Article de Ricardo Alarcon, Président de l’Assemblée Nationale, paru dans

El Economista

31 août 2006

« Le peuple de Cuba est, et de droit doit être, libre et indépendant ».

C’est par ces mots suant l’hypocrisie que le Congrès des Etats-Unis a

adopté en 1898 la Résolution Conjointe afin d’intervenir dans la guerre

que, nous, les Cubains, étions sur le point de gagner contre l’Espagne.

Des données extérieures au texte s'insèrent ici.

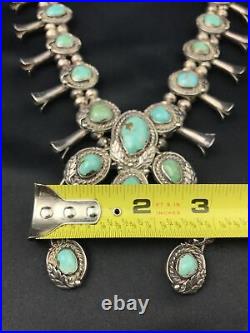 Vtg Huge 248g Navajo Squash Blossom Turquoise Sterling Silver Necklace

Ce contre quoi José Marti avait mis en garde à temps, en dénonçant « le

calcul cynique et la froide méchanceté » de la stratégie étasunienne,

devenait une réalité. Ce que Carlos Manuel de Cespédes avait découvert

s’avérait (« s’emparer de Cuba, c’est cela le secret de leur politique »

a écrit en 1870 le Père de la Patrie.)

George Bush, le sinistre personnage qui ne lit ni livres ni journaux ne

sait rien de tout cela, il n’en a d’ailleurs pas besoin, car il reçoit

ses ordres directement de Dieu pour faire la guerre, voler les élections

et commettre d’autres horreurs.

C’est la raison pour laquelle il répète avec une ignorance pathétique les

mots de 1898 avant de se retirer dans son ranch pour profiter de ses

vacances sans fin. Le pauvre diable croit qu’il peut avec de pauvres

phrases tromper un peuple qui, depuis un demi-siècle, s’est libéré de

l’inculture, connaît son histoire, en est fier et lui sera toujours

fidèle. Nous sommes nés en tant que Nation en luttant à la fois pour

l’égalité et pour la solidarité entre les êtres humains et contre une

puissance égoïste et toujours vorace, toujours prête à nous fouler aux

pieds et qui, sur nos plages, a commencé à construire un Empire qu’elle

veut universel aujourd’hui. L’alternative est simple : vaincre cet

entêtement ou disparaître en tant que peuple.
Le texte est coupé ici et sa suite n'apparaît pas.